All of the listing below must be repeated word for word. Pictures are the only thing to omit.

◆ **Collected data**
****

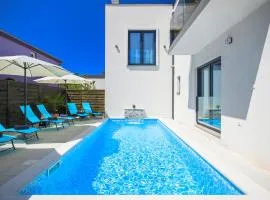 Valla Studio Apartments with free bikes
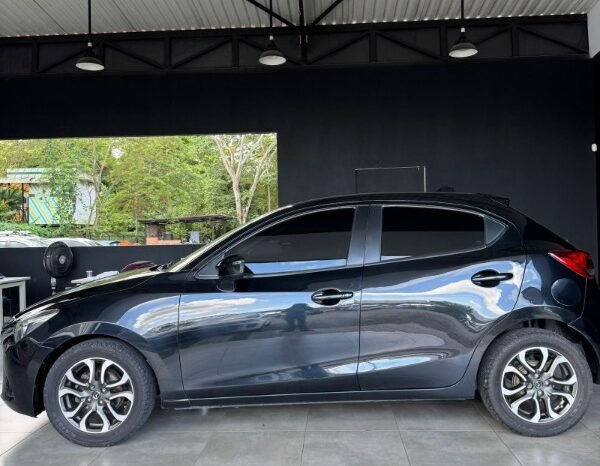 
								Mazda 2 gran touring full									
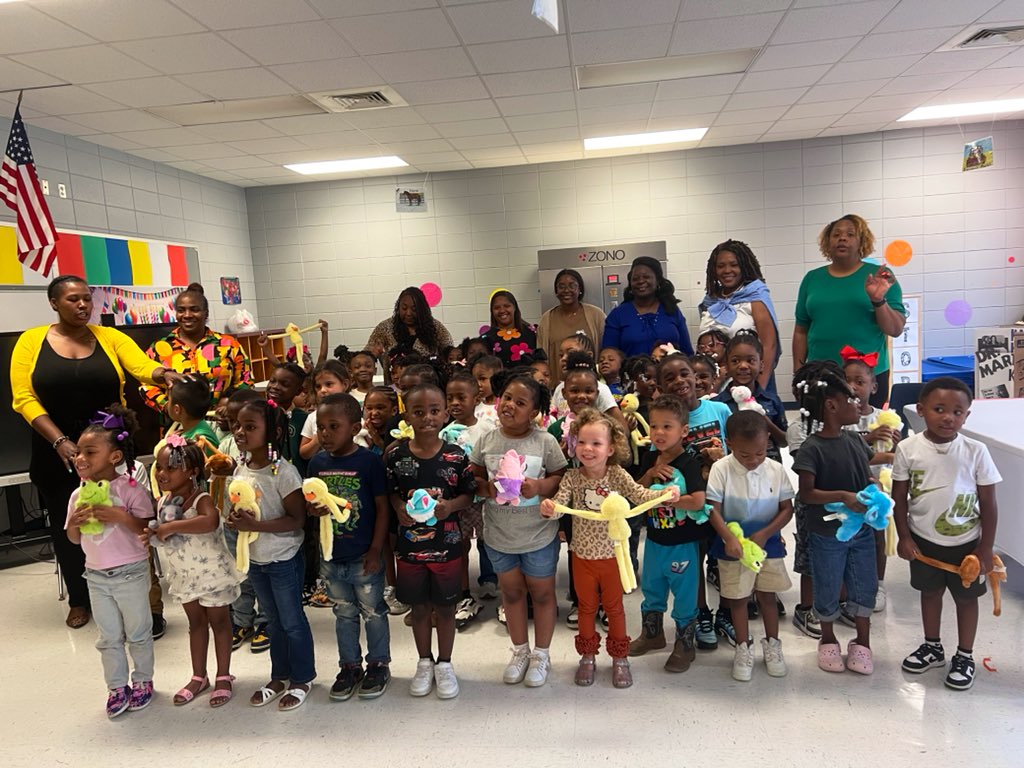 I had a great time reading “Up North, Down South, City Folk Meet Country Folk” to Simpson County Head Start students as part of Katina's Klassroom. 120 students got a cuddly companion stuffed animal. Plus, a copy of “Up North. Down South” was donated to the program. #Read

****

◆ **Worked solution**
 Valla Studio Apartments with free bikes
								Mazda 2 gran touring full									
 I had a great time reading “Up North, Down South, City Folk Meet Country Folk” to Simpson County Head Start students as part of Katina's Klassroom. 120 students got a cuddly companion stuffed animal. Plus, a copy of “Up North. Down South” was donated to the program. #Read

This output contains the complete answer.